Feature

Sam Turpin embarks on a mission to slay his demons in his video for “Sahara Flow”, a beautifully shot metaphor we can all relate to

A faceless figure stares deeply at, perhaps through you, its head covered by a mosaic of mirrors, and towering body shrouded in black. A precariously cloudy sky hangs overhead as the ocean beats an otherwise silent shoreline.

The opening scene for Sam Turpin’s musical short film for “Sahara Flow” doesn’t give away much, but it does a lot to pique my interest.

The next scene introduces us to a beautiful woman covered in white lace and pearls, sitting in the back-seat of a Benz in the middle of the desert, looking regal, relaxed, and somehow all-knowing as she waits. Cut away, and we’re met by four goddess-like women wrapped in dusty pink silk cloth. They know things, too.
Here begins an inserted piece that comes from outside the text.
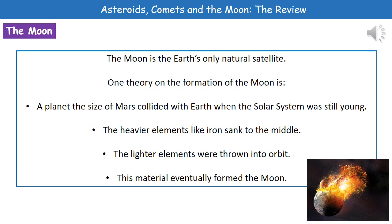Now what we need to understand then is how the Moon actually came to be there — what formed the Moon? And the one theory that we need to remember is the one where basically we had a planet the size of Mars colliding with Earth when the solar system was still very young. So we've basically got two planets coming together and colliding. As a result of that collision, those heavier elements like iron sank down to the middle, and that's what makes up the core of the Earth — which is mainly iron. And then those lighter elements were thrown out into orbit, and over time gravity pulled those lighter elements together and that then formed the Moon.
Turpin’s character trudges barefoot through a desert and is handed an ancient sword by one of the goddesses, and a pair of crystal-encrusted stones by another. He finds the woman in the Benz, hops in, and is slipped a golden envelope containing a strip of film.

He is now fully-equipped and embarks on his mission to slay the proverbial dragon.

Of Egyptian-Jewish heritage, Sam Turpin samples a Jewish prayer — composed by musician Jessica Sherman — in the chorus, but the message and journey isn’t religious, it’s spiritual.

“Essentially the song is a metaphor for a spiritual journey that I’ve been on since I became an artist,” says Turpin. “After I lost my mother in 2011, I had to confront the world and my mind and soul were bombarded with the typical ‘Where am I going in this life?’ questions.”

Directed by South African-Persiain film maker, photographer and writer Katya Abedian, the film captures this metaphor with fashion-film-like elegance and beauty. Of the short film Abedian says, “’Sahara Flow’ is a soul’s journey, protected and guided by spirits that are no longer confined to this earth nor blinded by its distractions. They reflect the higher wisdom that there is no beginning nor end to the journey of our souls, only greater depths and stages of learning, understanding and sensitivity.”

“Sahara Flow” is an out-pouring of all the uncertainty in Turpin’s soul about life but, rather than deny and hide from it, he reaches a space in his life where he is ready to deal with his demons both known and unknown. I, for one, will closely be following the young rapper’s career as he slays his way through life and the South African music scene.